Ego’nun Stilin Alayı: Kendini Beğenmiş Erkekler ve Stratejik Zeka
Erkekler, kendini beğenmişliğin dünyasında genellikle "stratejik" yaklaşır. Kendini gösterme noktasında genellikle çözüm odaklıdırlar. Evet, doğru duydunuz: Strateji! Kendini beğenmiş bir erkeğin amacı “Her şeyin en iyisini ben yaparım” demek değil, bu düşüncesini etrafındaki herkese sürekli olarak hissettirmektir. Yani, çözüm odaklı bir yaklaşımda, hep daha iyisini, daha fazlasını yaparak bir tür “üstünlük” kurma çabası vardır. Bu yüzden bir erkeğin sürekli olarak yenilikçi çözümler önerdiğini, yeni fikirler sunduğunu görürsünüz. Fakat...tüm bunlar aslında sadece egoyu beslemek için yapılır.
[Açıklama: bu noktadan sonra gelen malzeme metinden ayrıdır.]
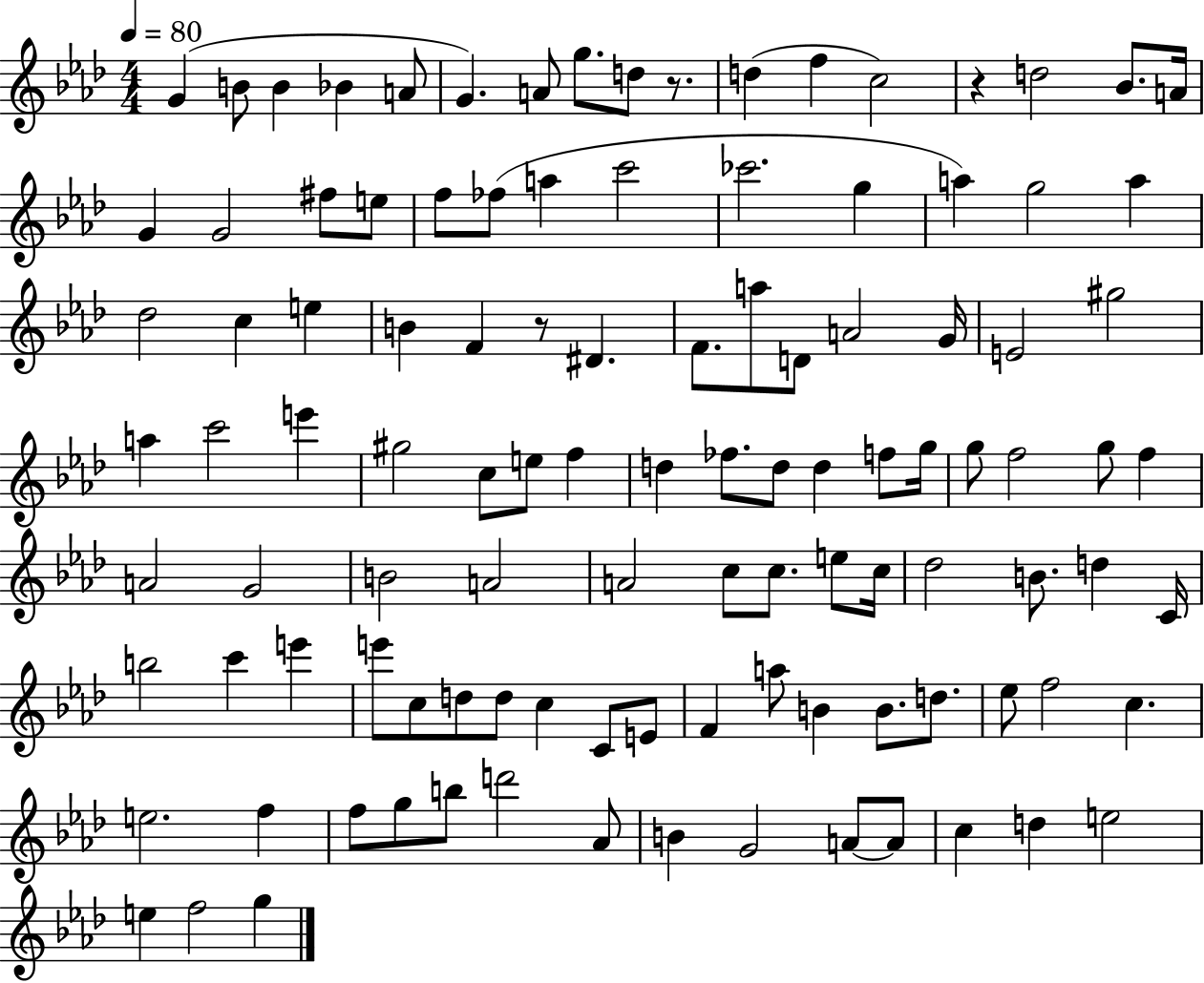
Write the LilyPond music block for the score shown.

{
  \clef treble
  \numericTimeSignature
  \time 4/4
  \key aes \major
  \tempo 4 = 80
  \repeat volta 2 { g'4( b'8 b'4 bes'4 a'8 | g'4.) a'8 g''8. d''8 r8. | d''4( f''4 c''2) | r4 d''2 bes'8. a'16 | \break g'4 g'2 fis''8 e''8 | f''8 fes''8( a''4 c'''2 | ces'''2. g''4 | a''4) g''2 a''4 | \break des''2 c''4 e''4 | b'4 f'4 r8 dis'4. | f'8. a''8 d'8 a'2 g'16 | e'2 gis''2 | \break a''4 c'''2 e'''4 | gis''2 c''8 e''8 f''4 | d''4 fes''8. d''8 d''4 f''8 g''16 | g''8 f''2 g''8 f''4 | \break a'2 g'2 | b'2 a'2 | a'2 c''8 c''8. e''8 c''16 | des''2 b'8. d''4 c'16 | \break b''2 c'''4 e'''4 | e'''8 c''8 d''8 d''8 c''4 c'8 e'8 | f'4 a''8 b'4 b'8. d''8. | ees''8 f''2 c''4. | \break e''2. f''4 | f''8 g''8 b''8 d'''2 aes'8 | b'4 g'2 a'8~~ a'8 | c''4 d''4 e''2 | \break e''4 f''2 g''4 | } \bar "|."
}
Mesela iş yerindeki bir projede, bir erkeğin sürekli olarak “bunu ben çözeyim” demesi ve o çözümü de başkalarının fikrini kopyalayarak yapması, aslında onun büyük bir ego oyununun parçasıdır. Tabii, bazen de tüm sorumluluğu üstlenerek “Ben çözerim” demek, görünmeyen bir üstünlük kazanma stratejisi olabilir. Hangi şekilde olursa olsun, dışarıdan bakıldığında “Beni izleyin, ben neler yapabilirim!” havası bir şekilde yayılarak egoyu pekiştirir.
Empati: Kadınların Kendini Beğenmişliği Nasıl Yansıtır?
Kadınlar içinse kendini beğenmişlik genellikle daha ilişki odaklı bir hale gelir. Yani, empatik bir yaklaşım sergileyen kadınlar, kendilerini beğenmişliğini genellikle sosyal ilişkilerde ve duygusal etkileşimde gösterirler. Ama buradaki kendini beğenmişlik, erkeklerin "daha iyi strateji geliştirme" yaklaşımından farklı olarak, çoğunlukla daha gizemli, duygusal ve "etkileyici" bir hale gelir. Bir kadın, kendini beğenmişliğini, başkalarını etkileyerek, ilgi odağı olarak ve bazen de başkalarının zayıflıklarını kullanarak ortaya koyar.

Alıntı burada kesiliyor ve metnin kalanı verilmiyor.